Já teve seus textos traduzidos para o espanhol, francês, sueco, alemão, inglês, italiano e mandarim. No Brasil, foi contemplada pelos prêmios Associação Paulista de Críticos de Arte (APCA) e Aplauso Brasil, e também foi indicada ao Prêmio Shell na categoria dramaturgia. Três dramaturgias foram publicadas: O céu cinco minutos antes da tempestade, peça publicada no livro Círculo de Dramaturgia (Editora Sesc SP, 2005), Mantenha fora do alcance do bebê, peça publicada pelo edital Mostra de Dramaturgia em Pequenos Formatos Cênicos (Centro Cultural São Paulo, 2015), e A árvore, publicada pela editora Cobogó (2021).
A escrita de Silvia Gomez traz o texto teatral a partir de uma construção ficcional. Isso não quer dizer, porém, que a dramaturgia se coloca dentro das estruturas rígidas do drama. O crítico e pesquisador Luiz Fernando Ramos nos indica que “sem abdicar de uma situação dramática, mas para além de esquemas convencionais, constrói-se na justaposição de falas aceleradas e vozes intensificadas. Esta massa sonora organiza-se aos poucos no pensamento do espectador. A enunciação extremada não favorece a formulação de um sentido, mas permite leituras e possibilita narrativas”. Luiz Fernando faz essa reflexão a partir da análise da dramaturgia O céu cinco minutos antes da tempestade, mas indicamos aqui como uma característica que pode ser estendida a outras peças de Silvia.
Algumas alusões à escrita de Silvia também se dão em diálogo com obras do teatro do pós-guerra.
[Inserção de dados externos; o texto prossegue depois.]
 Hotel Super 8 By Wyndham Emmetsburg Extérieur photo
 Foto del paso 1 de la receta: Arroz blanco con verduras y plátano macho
Ela revela: “eu sempre escrevo num lugar meio delirante, sou muito admiradora do realismo fantástico, do Teatro do Absurdo, essas literaturas nas quais você lida com a realidade, mas por um outro patamar”. As características do teatro do absurdo aparecem pelo inicial reconhecimento de uma situação que se dilui a partir da construção psicológica dos personagens. Silvia aponta que: “para mim, toda escrita é uma reelaboração daquilo que se lê. Vou pegando tudo que tem aqui: seu álcool em gel, seu cookie, misturo tudo. Para mim, escrever é apanhar a vida, o que está disponível. E tudo serve ao delírio. [...] Se a gente olha bem para a realidade, o delírio é ela...”.
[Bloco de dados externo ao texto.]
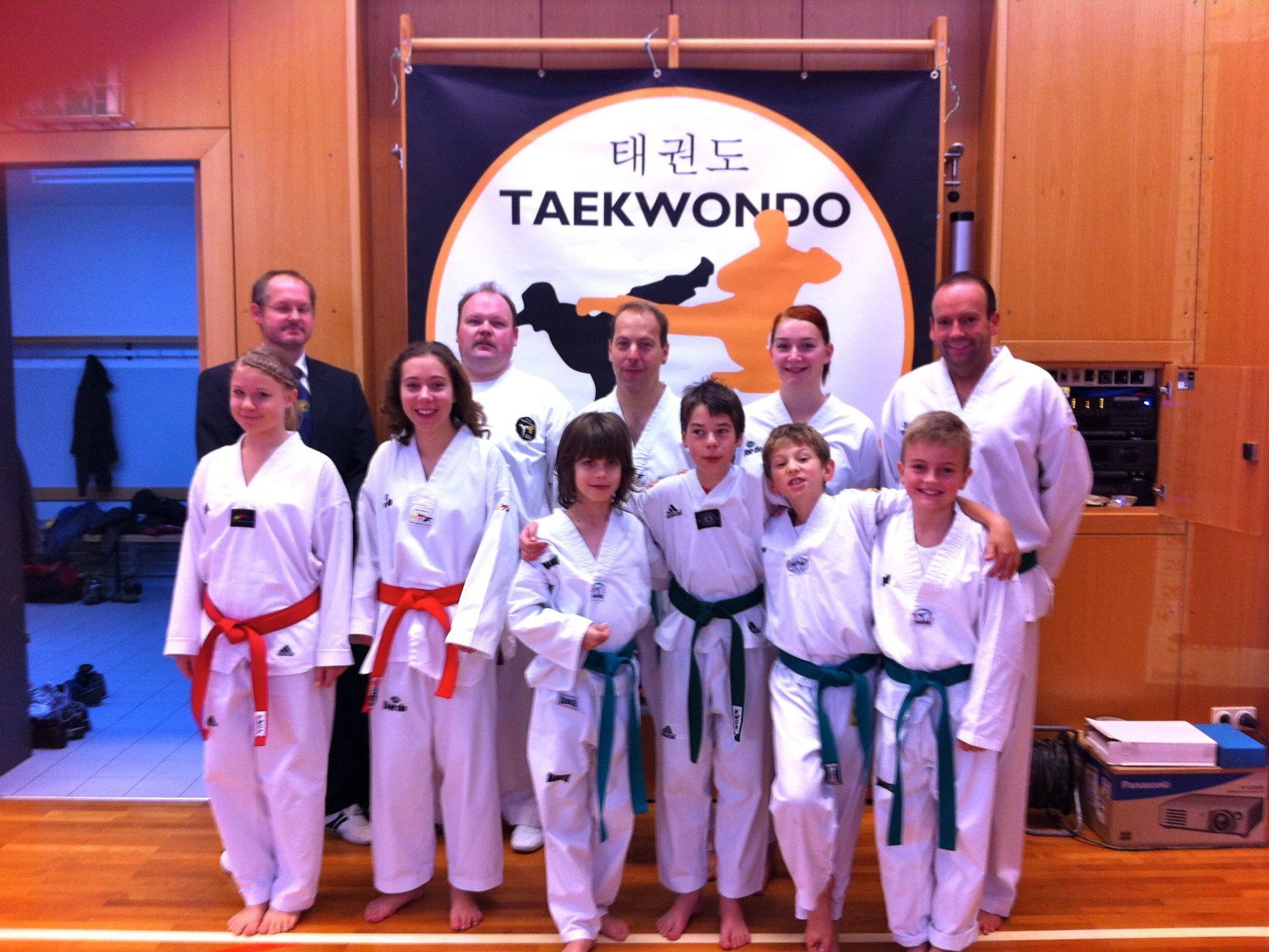 Taekwondo Dojang Bludenz Taekwondo Dojang Bludenz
Corroborando com Silvia, as situações fabulares, indicadas por Fernando Ramos, se apresentam não como uma representação da realidade. Antes disso, ampliam o imaginário sobre as narrativas já postas, principalmente no que tange ao universo feminino, tão caro à escrita de Silvia. Suas dramaturgias tematizam: a maternidade como uma condição imposta e seus desdobramentos na construção/desconstrução das identidades femininas; a relação entre uma definição de feminino e reflexões ambientais, discussões sobre o ecofeminismo; o fluxo de pensamento de mulheres, as elaborações psíquicas que ultrapassam a lógica masculina de racionalidade; a família como círculo de criação de patologias ancestrais; o abuso sexual como violência física e psicológica; o diário de viagem de mulheres como uma travessia interna; e outros. Para o crítico Valmir Santos, “o debate de gênero subjaz a escrita de Silvia com indícios de uma realidade que grita e, no entanto, essa dor é acessada por caminhos aparentemente implausíveis, como o do onirismo e o do delírio [...] Soma-se o equilíbrio de Silvia Gomez em fabular sem desvio da gravidade do tema, da denúncia.”.